Candidates must sit down with their resume and for the last 5 years write down the top 3 projects that they accomplished in each year. When the candidate is faced with a tough question, he/she is able to articulate his/her accomplishments without rambling.

2) Asking Questions- 

Three areas you should be asking questions about:

a) Questions about the company
b) Questions about the product line
c) Questions about the position

3) Taking Control of the Interview-

Candidates can get control by first taking "90 seconds"- no more than two minutes and tell them about yourself. Tell them where you've been, what your biggest accomplishments were while you were there, and why you left. Then take 10-15 seconds and tell them what you goals are and what type of job/career you are presently looking for. After making this short presentation, you then want to ask them these two questions so you can sell back the appropriate accomplishments.

a) What do they want to see this person accomplish in the position the first year?
b) What is the ideal background or profile they want to see in a candidate?

 

4) Compensation-

Candidates should stay away from compensation and benefits in the first interview; unless they bring it up! If they bring it up, you can tell them how much you made in the past; what you are making now; and what you hope to make in the future. More importantly, if they open it up, it gives you the opportunity to find out from them what their top people are making in a similar position.

5) Being Evaluated-

Somewhere in the interviewing process, candidates should find out how they are going to be evaluated. Most people wait until they are on the new job 6 to 9 months and then want some formal feedback of how they are doing and when they are going to be evaluated to maybe get that first raise in salary.

6) Handling Objections-

Sometimes prospective employers will be telling you about the good things about the position and then before you know it, they're telling you about the negatives.
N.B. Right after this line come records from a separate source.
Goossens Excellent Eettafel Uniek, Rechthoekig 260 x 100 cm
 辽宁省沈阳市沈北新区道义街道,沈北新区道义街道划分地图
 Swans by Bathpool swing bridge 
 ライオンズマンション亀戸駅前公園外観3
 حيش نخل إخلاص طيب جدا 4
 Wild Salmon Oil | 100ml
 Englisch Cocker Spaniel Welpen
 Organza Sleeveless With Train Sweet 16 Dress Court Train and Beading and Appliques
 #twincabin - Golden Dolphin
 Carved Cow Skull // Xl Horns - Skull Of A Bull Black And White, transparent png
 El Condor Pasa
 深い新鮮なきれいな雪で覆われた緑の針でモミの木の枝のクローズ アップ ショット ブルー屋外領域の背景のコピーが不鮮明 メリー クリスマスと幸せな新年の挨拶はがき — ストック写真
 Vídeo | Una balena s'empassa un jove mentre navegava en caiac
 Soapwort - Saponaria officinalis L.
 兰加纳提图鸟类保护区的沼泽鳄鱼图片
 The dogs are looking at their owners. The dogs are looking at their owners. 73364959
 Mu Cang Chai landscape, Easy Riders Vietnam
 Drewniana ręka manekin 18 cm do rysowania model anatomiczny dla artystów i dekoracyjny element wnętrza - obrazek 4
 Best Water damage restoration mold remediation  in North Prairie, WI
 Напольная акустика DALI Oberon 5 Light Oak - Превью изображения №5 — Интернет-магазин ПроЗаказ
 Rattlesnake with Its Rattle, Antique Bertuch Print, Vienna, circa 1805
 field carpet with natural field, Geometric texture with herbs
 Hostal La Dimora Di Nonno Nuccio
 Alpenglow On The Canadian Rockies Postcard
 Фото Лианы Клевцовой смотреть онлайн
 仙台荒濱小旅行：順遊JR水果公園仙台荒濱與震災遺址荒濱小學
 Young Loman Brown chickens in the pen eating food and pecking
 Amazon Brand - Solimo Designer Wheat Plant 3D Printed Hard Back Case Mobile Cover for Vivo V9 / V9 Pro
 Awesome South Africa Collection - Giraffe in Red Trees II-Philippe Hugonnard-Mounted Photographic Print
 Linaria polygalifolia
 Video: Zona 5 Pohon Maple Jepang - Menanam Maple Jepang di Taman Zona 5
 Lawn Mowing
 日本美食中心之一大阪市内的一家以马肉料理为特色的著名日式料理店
Generally they want to see how many objections/negatives this person can professionally handle to maintain their interest in the position.

7) Stress Question-

Stress questions are the kind of questions that make you want to ball up your fist; punch them in the mouth; and leave. Different people get different kinds of stress questions. Candidates should first defuse stress question with humor and then focus on their accomplishments.

8) Closing Employers-

Three closes are recommended and you need to put the closes in your own words, with your own salesmanship with the proper timing.

THE FIRST CLOSE- "THE SUMMARY CLOSE

"Mr. Employer, I'm confident I can do this job because…." 1-2-3......3 majors reasons that you pick up in the interview why the company should hire you.

THE SECOND CLOSE- "THE MOTIVE CLOSE"

"Mr. Employer, I'm confident I would enjoy doing this job because........." 1-2-3....3 or more reasons why you are excited about this position.

THE THIRD CLOSE- "THE VISUALIZATION CLOSE

"Can you see me in this job -doing it successfully?"

9) Attire-

Guys: no flowery ties, shined shoes & trimmed hair. If you are over 40 or have gray in your hair, no gray suits are to be worn to the interview. Wear little or no jewelry and cologne. Ladies: no high heels, dark hose and minimize jewelry, perfume, make-up.

10) Follow-up Letter-

Follow-up letters are necessary after an interview if you are interested in the job. You should e-mail the letter and mail the hard copy. Don't thank them for the interview, but do tell them you are interested in the position and how you would be an asset to their company.